[Robots] FW: Re: Correct URL, shlash at the end ?

2001-11-24

From: Sean 'Captain Napalm' Conner
Sent: Friday, November 23, 2001 10:58 PM
Subject: Re: [Robots] Re: Correct URL, shlash at the end ?

It was thus said that the Great [EMAIL PROTECTED] once stated:
> If one crazy idea leads to another ...then if the above did get in the
> robots.txt spec then the web services could then edit that slash part of
> robots.txt file.  When the webservice config files holding that default
> list detected the change event the web admin is then asked if they wish to
> also update the robots.txt.
> "Update your robot.txt file in the [doc root] to include the change in the
> Slash: list?"
> The crazy task is so simple the web servers programers would fight to do
> just to be the first.

  And if so, it would be the first feature I would disable in the webserver
since in several cases the web configuration is managed not by hand but by
other automated processes (I part time admin one where new sites are batched
up and a new configuration file is generated at set times) and I do not want
the web server to hang because it's waiting for a `Yes' or `No' answer from
a human.  Having to manually type in a pass phrase for a secure webserver
(until such time as we found out you *could* start it without it asking) was
bad enough (and having to always be around an Internet enabled computer in
case I was paged).

  And second, it's not quite as simple as you make it out to be.  For
instance, in Apache, the directive that controls this is ``DirectoryIndex''
and it can appear in several different contexts, including virtual hosts
(which means for one virtual host, I can have it default to ``Welcome.html''
because that might have been the default for some other webserver the client
may have used), directories or even under control of the user in an
.htaccess file (which isn't necessarily read until needed).  It also doesn't
have to be a simple file---it could be specified as:

DirectoryIndex  index.html /defaults/hey-dummy.html

  Which means that if, in a directory, ``index.html'' isn't found, use the
one located at ``/defaults/hey-dummy.html'' (hey, I didn't even know you
could do that until just now 8-)

  Then there's the matter of virtual hosts.  My own small colocated server
is serving up 25 sites---which means, updating 25 robots.txt files (that is,
if they exist) and not blow the existing one to smithereens.  Even if the
webserver didn't bother asking me, having it waste time to process 25 excess
files bothers me (since it's not a fast machine by any stretch of the
imagination).  Now do this for a machine that may have 2,000+ sites on it.
For something that doesn't exactly change at all (or very rarely).

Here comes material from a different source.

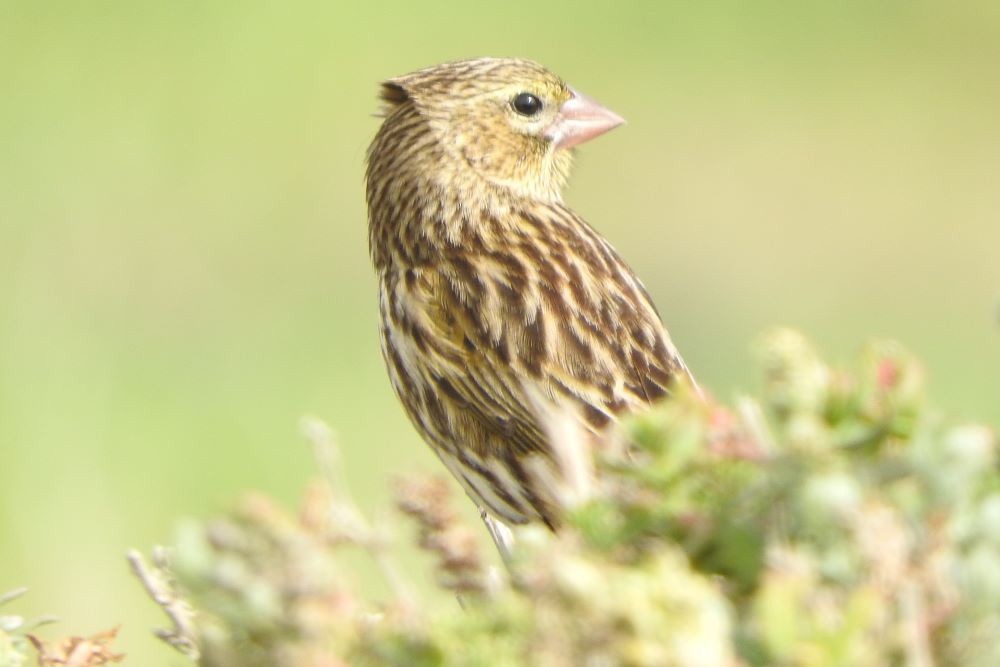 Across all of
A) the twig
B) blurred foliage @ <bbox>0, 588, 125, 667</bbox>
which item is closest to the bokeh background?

  There's even a potential race condition.  I download and am editing my
robots.txt file.  The webserver admin makes a change to the configuration
and restarts the webserver and my robots.txt file is updated.  I then finish
my editing and upload the new file.  It is now out of sync with respect to
the configuration.  Far fetched, yes (given that not even what?  5% of all
sites even *have* a robots.txt file to begin with) but still a possibility.

  Not quite as simple as it is made out to be.

  -spc (Taken on my share of ``trivial'' changes ... )